ASR systems could function far more robustly, faster and with uncanny accuracy. Although "local" recognizers on devices are maturing somewhat, e.g. voice dialing and local dictation of text messages, and the computational power of these devices is increasing, the complexity of bigger vocabulary speech recognition systems is beyond the resources of even today's best devices - but DSR precludes any perceived need for such as an alternative to recognition performed on voice signals carried across communication channels. If DSR became prevalent, speech recognition would extend quickly and broadly into more and more online applications and telematics - the potential is truly amazing. And that's just a beginning. Extremely accurate dictation, remote command and control applications and highly advanced, synchronized multimodal features would be within easy reach.
What's wrong? Well, pure capitalism (we're fans) for one.. And that leaves DSR at the end of a two-edged sword.
While it's certain that healthy competition among developers would eventually bring the best DSR available, once again the word "standard" rears it's ugly head and we hear the cries from here.. "That takes away our competitive edge..!"
Moreover, as David cites on his VoiceXML page, there's an understandable "You go first dilemma" quandary; Here's David's description of the hurdle to making DSR a default type interface:
"It’s been a bit of a “chicken and egg” conundrum with server vendors waiting to see widespread availability of DSR in handsets before making product commitments and handset manufactures similarly asking “where are the recognition servers to support applications?”. "

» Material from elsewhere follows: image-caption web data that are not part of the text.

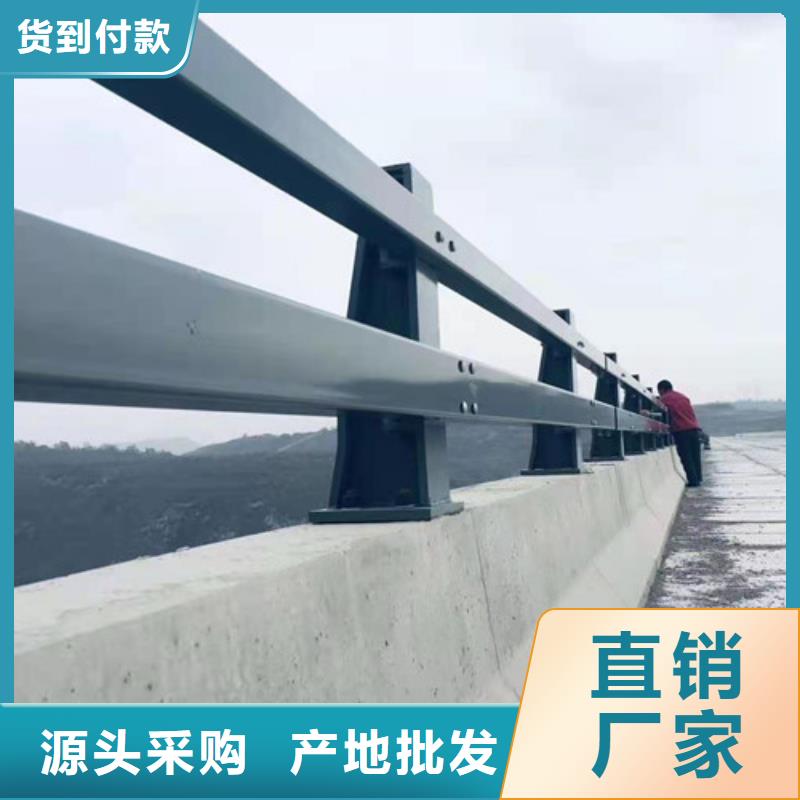 不锈钢复合管-镀锌波形护栏实力厂商产品实拍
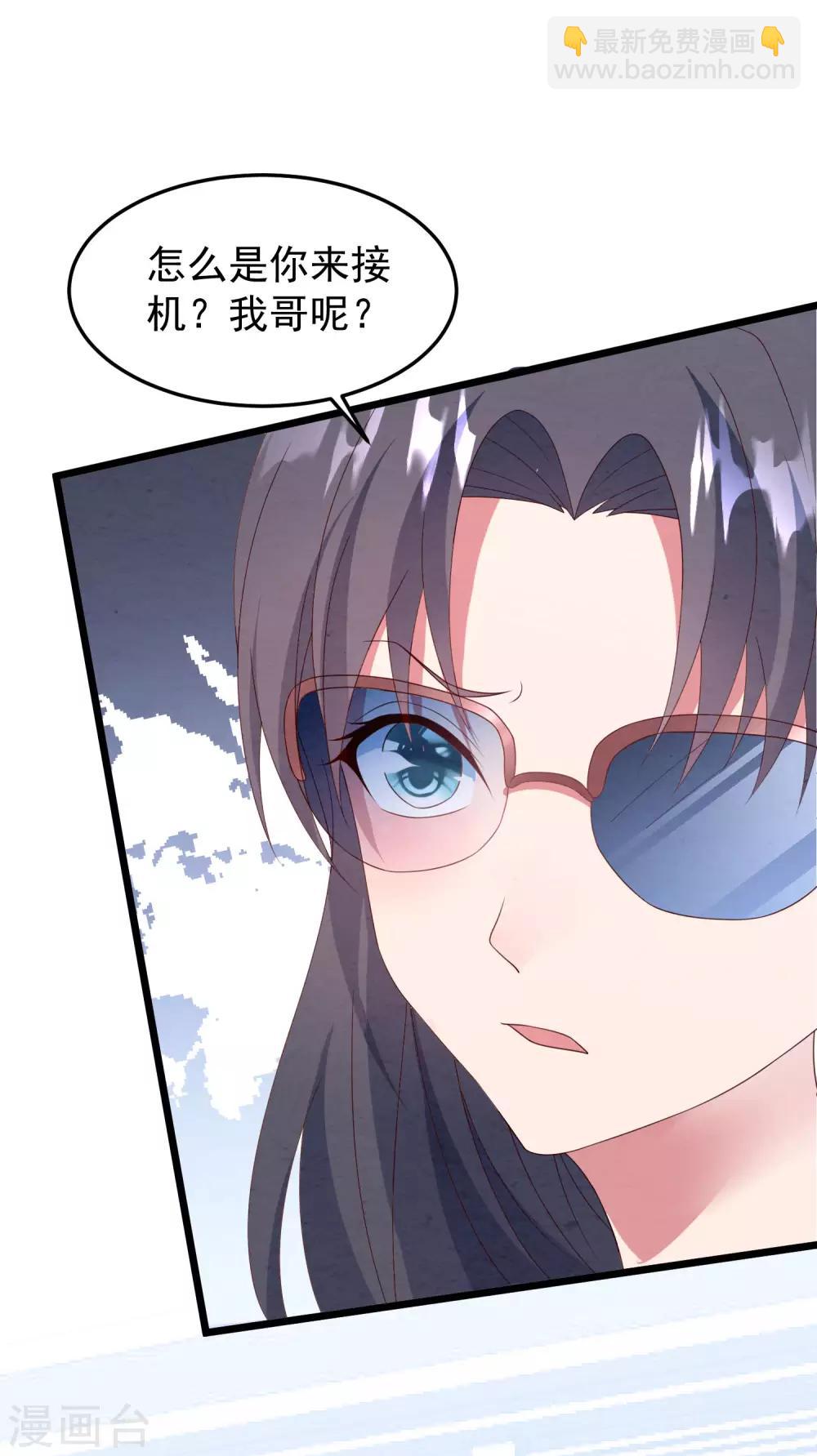 第33话 腥风血雨的前奏-第34话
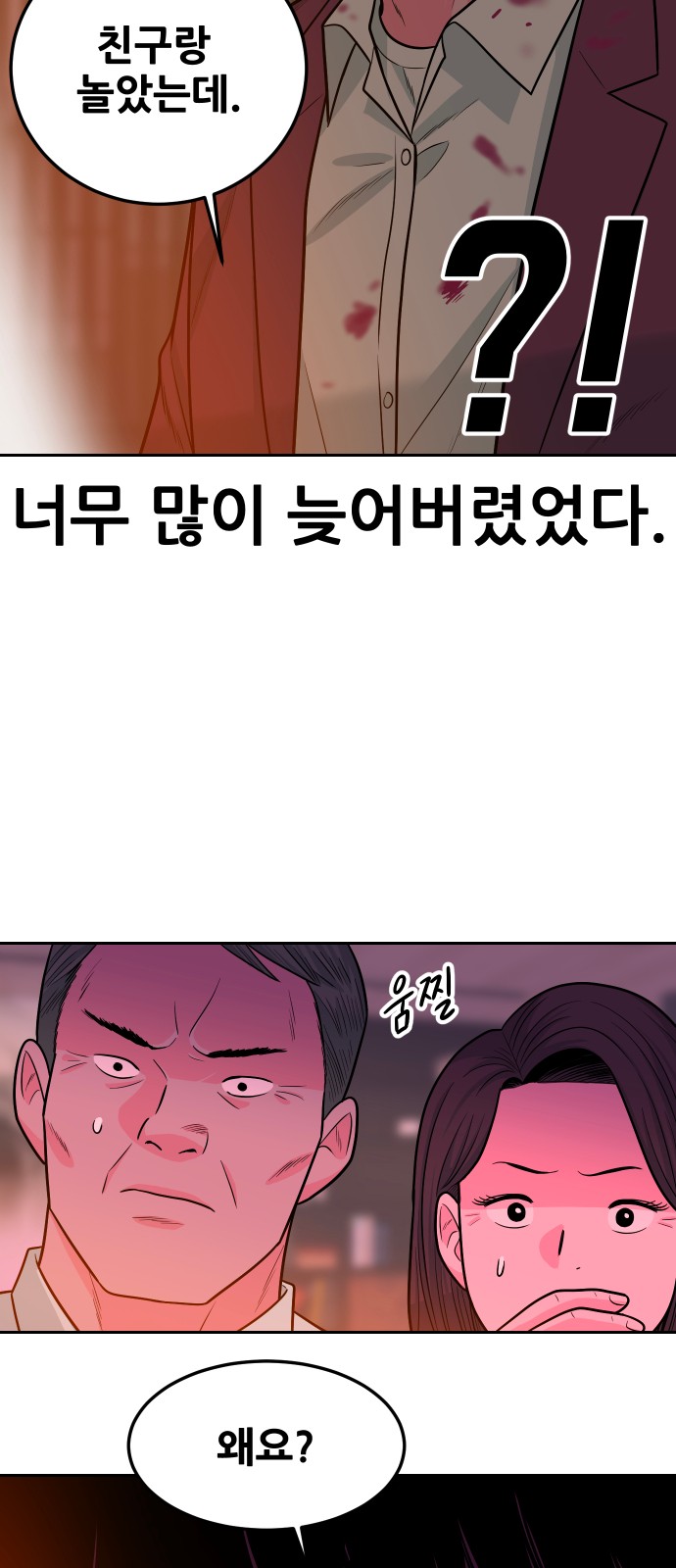 56 페이지
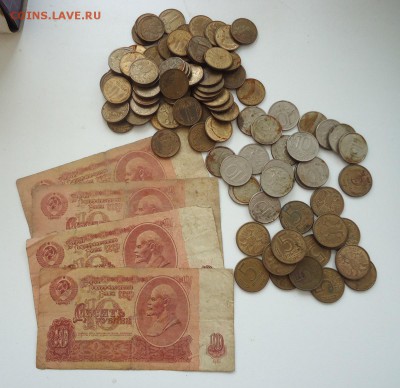 Чердачный схрончик монет и бон до 31.01.16г до 22-00 - DSC08926.JPG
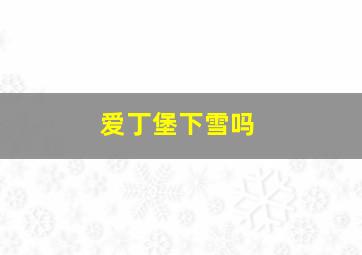 爱丁堡下雪吗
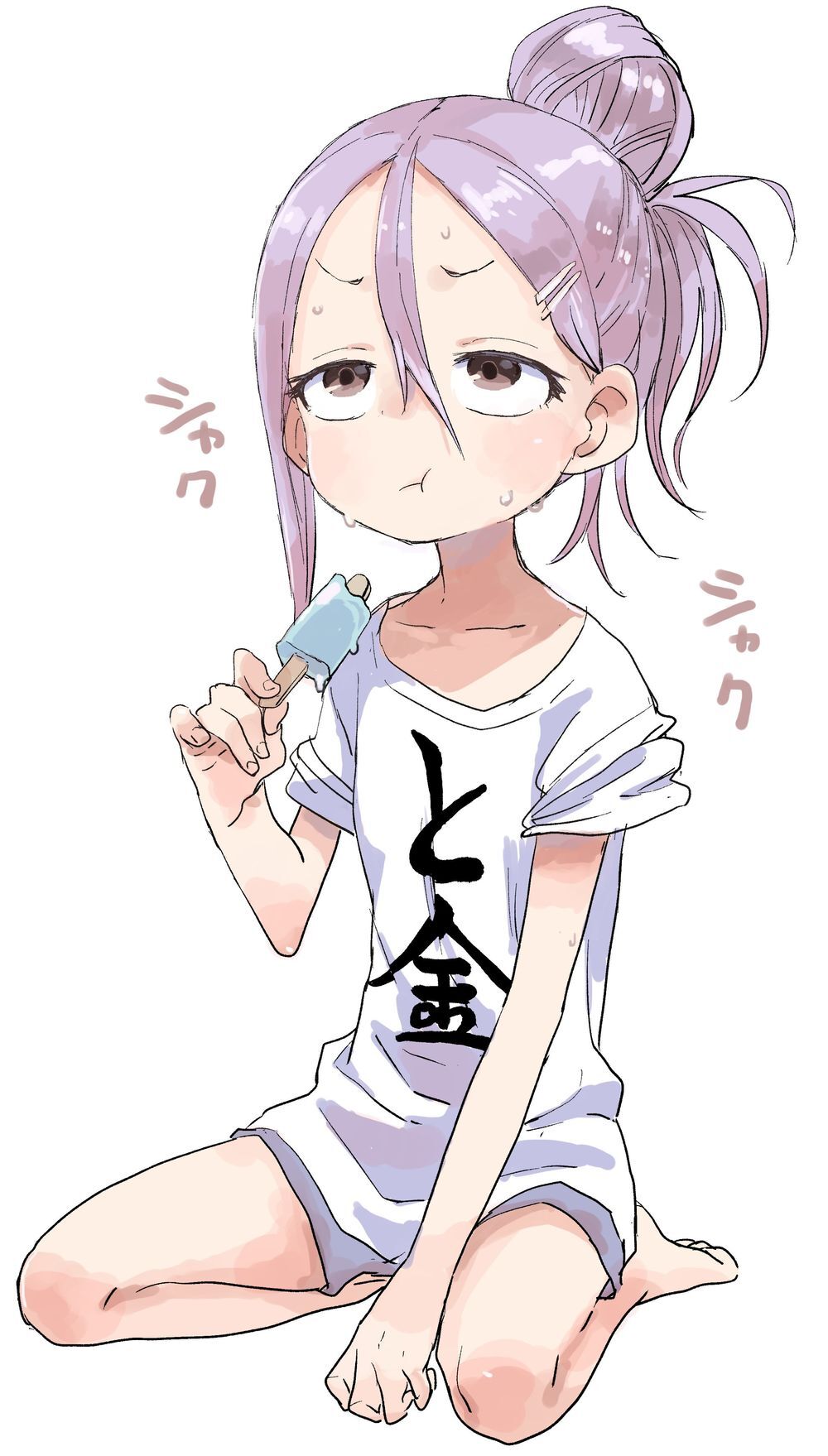 Soredemo Ayumu Wa Yosetekuru Chap 58 - Next Chap 59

But, as David notes, this is no longer..
"The data connectivity provided by 2.5G GPRS networks to support the transport of packet switched speech and multimodal services are already widely deployed and wider bandwidths of 3G data networks are being launched. With the adoption of DSR by 3GPP we have an egg! "
It would seem we do!
To the consumer, DSR's benefits would be plentiful. No matter what mobile device you used, and what remote server your mobile device is talking to, across whoever's wireless network, consumers could enjoy effective, accurate ASR speech recognition that even resists ambient noise interference. Ever tried to talk to an IVR system near traffic? In a crowded mall setting? DSR's Advanced Front End provides state-of-the-art robustness to background noise. In addition to almost unmatched reproduction accuracy, AFE offers a 50% decrease error rate compared to the mel-cepstrum, and about twice the noise-canceling of comparable, useable algorithms.
DSR's voice device benefits don't end there, either. Because of it's low cost, fairly "dumb" wearable wireless speech devices (lapel microphones, handheld/mobile headsets) themselves could begin carrying DSR as a way to communicate across the network with a remote recognizer, and the need for a handheld simply removed, in many instances.
Just think.. if all this was somehow standardized - wouldn't it be nice to see devices get a little less expensive, for a period..?